AS memimpin upaya untuk mengisolasi Menteri Luar Negeri Rusia Sergei Lavrov, yang menurut para diplomat keluar dari pertemuan itu menyusul kritik Barat.
Wang tidak menawarkan “dukungan penuh atau sinyal apa pun bahwa China dan Rusia memiliki pakta semacam ini”, kata pejabat itu dengan syarat anonim.
Para pejabat AS sangat menyadari bahwa setiap bulan madu mini dengan China bisa cepat berlalu.

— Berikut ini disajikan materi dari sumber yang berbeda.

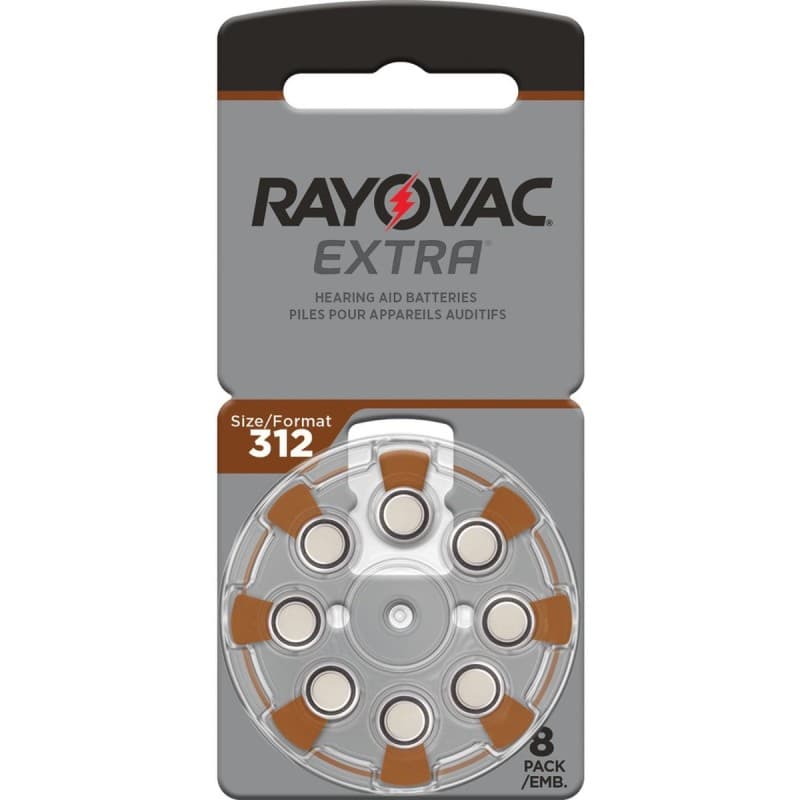 Rayovac hoorbatterijen Type 312 (bruin) 8pack
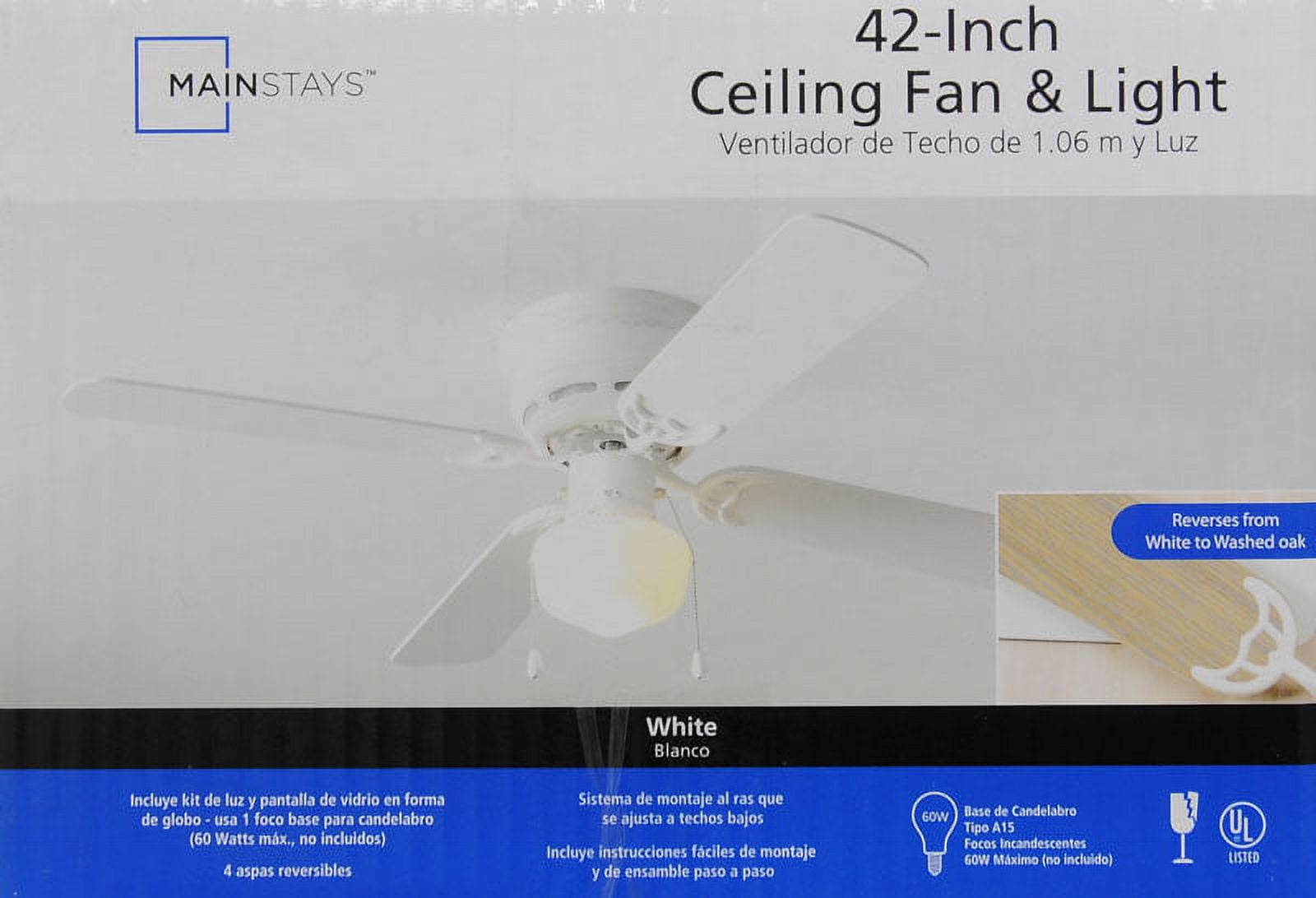 Mainstays 42" White Incandescent Flushmount Hugger Ceiling Fan with Glass Kit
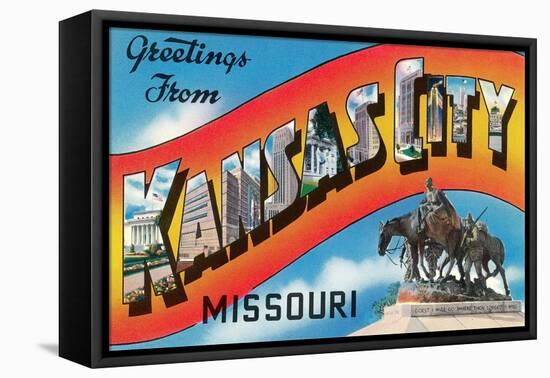 Greetings from Kansas City-null-Framed Stretched Canvas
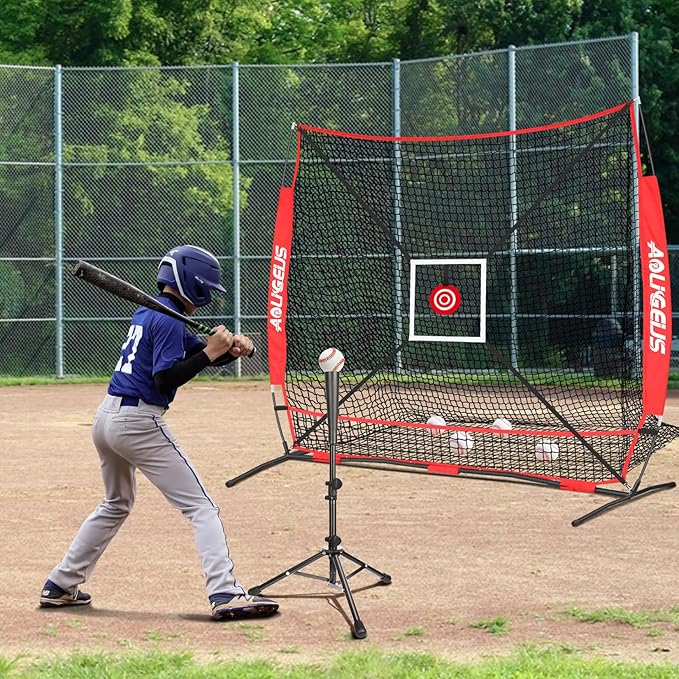 6'X6' Baseball Softball Practice Net with Batting Tee and Ball Caddy, Bonus Strike Zone Target and Bow Frame, for Hitting, Pitching, Catching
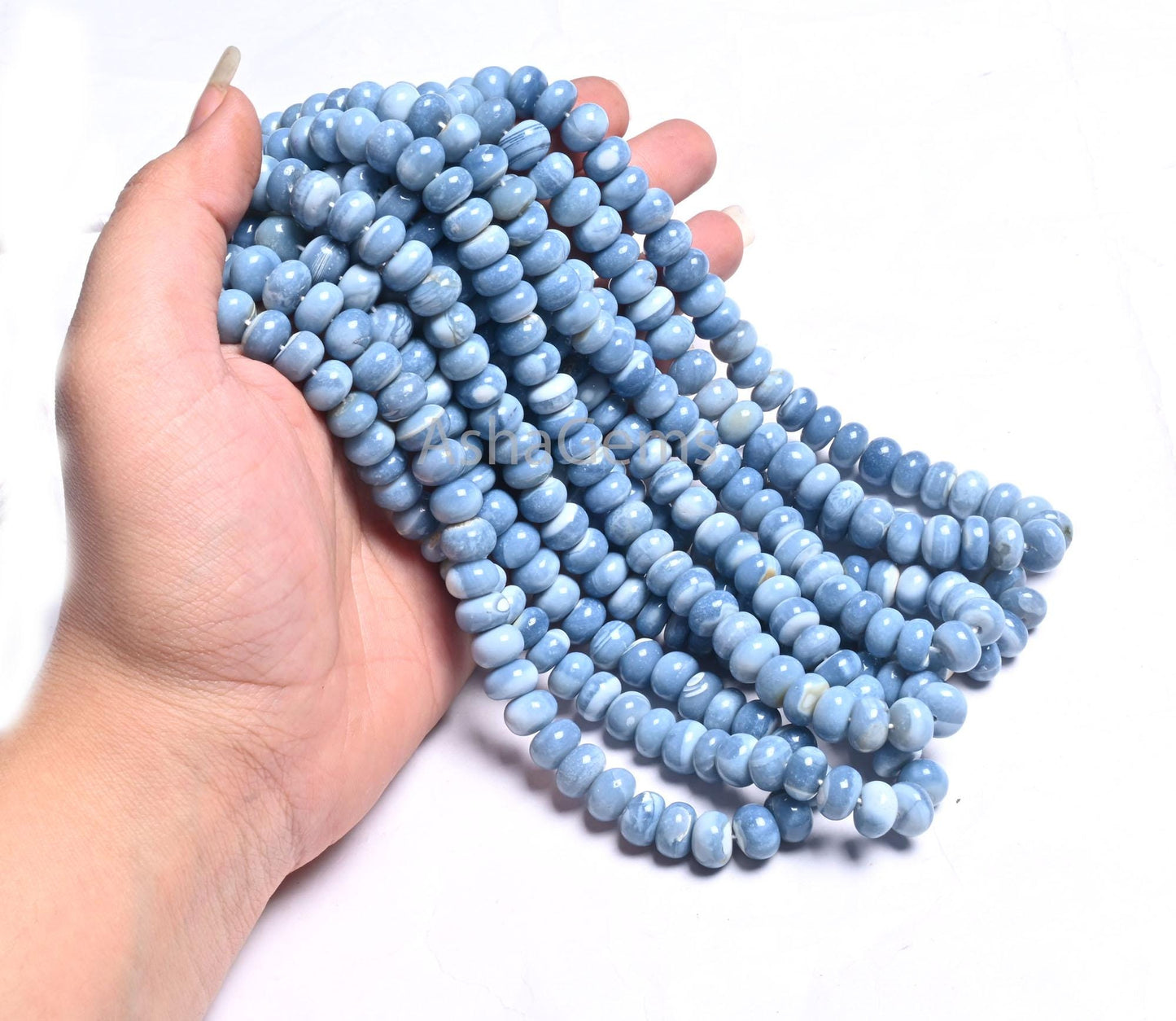 Fine Blue Opal Smooth Rondelle Beads, Shaded Pigeon Blue Opal Plain Handmade Gemstone Loose Bead,16" Blue Opal Beads Jewelry Making Necklace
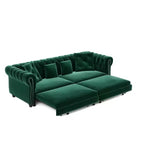 Whisen Velvet 3-in-1 King Size Pull-Out Sofa Bed & Convertible Sleeper Sofa with Movable Ottoman, Tufted Design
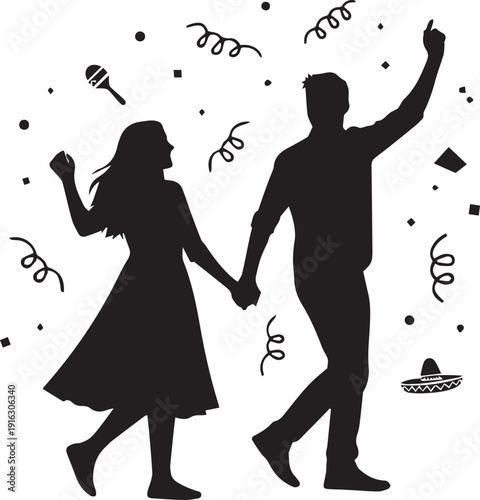 Couple dancing at party with confetti and streamers vector illustration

Xi, pemimpin paling kuat China dalam beberapa dasawarsa, diperkirakan akan mengguncang tim kebijakan luar negeri di Kongres Nasional Partai Komunis akhir tahun ini.
Tetapi Craig Singleton, yang mengikuti China di Foundation for Defense of Democracies yang berbasis di Washington, mengharapkan Xi lagi untuk menunjuk teknokrat yang dapat bekerja dengan Washington.
“Alasannya sederhana – ekonomi China menghadapi tantangan besar dan pembuat kebijakan China tampak bersemangat untuk mengakui bahwa retorika agresif China telah menjadi bumerang,” katanya.